The indicative calendar of market borrowings by 23 state governments and two Union territories for the second quarter has pegged their total state development loan issuance — the primary source of financing state government deficits — at Rs 2.1 trillion. This projected issuance is 29 per cent higher than the same period last year, and at an eight-quarter high. This high level of issuance projected by states reflects concerns that some of them might rightfully have regarding the uncertainty of their cash flows in the post-GST compensation era. Of these 23 states, Tamil Nadu, Andhra Pradesh, Haryana, Punjab and Gujarat have indicated large increases in borrowings.

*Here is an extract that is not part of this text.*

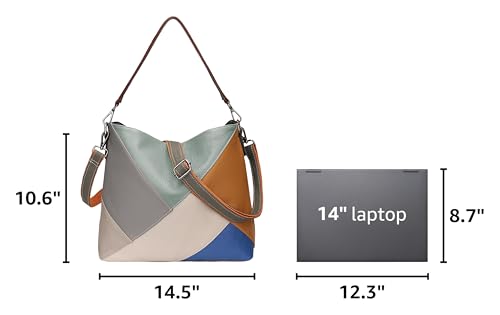 Image of YALUXE Women's Real Leather Shoulder Bags Hobo Handbag Purse Crossbody Bag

Most of these states have an above-average dependence on GST compensation.
However, the state issuances this year (in the first quarter only Rs 1.1 trillion was raised by 18 states), will also be impacted by the changes initiated by the central government in determining the net borrowing ceiling of the state governments for 2022-23.
At the time of communicating to states their annual borrowing limits for the ongoing year, we understand that the Centre had informed state governments that their off-budget borrowings for the past two years (2020-21 and 2021-22) would be adjusted from their borrowing ceiling this year. It appears that the calculation of the adjusted borrowing limit required the submission of detailed data by the state governments related to their off-budget borrowings for the last two fiscal years, followed by a thorough assessment of the same by the Centre.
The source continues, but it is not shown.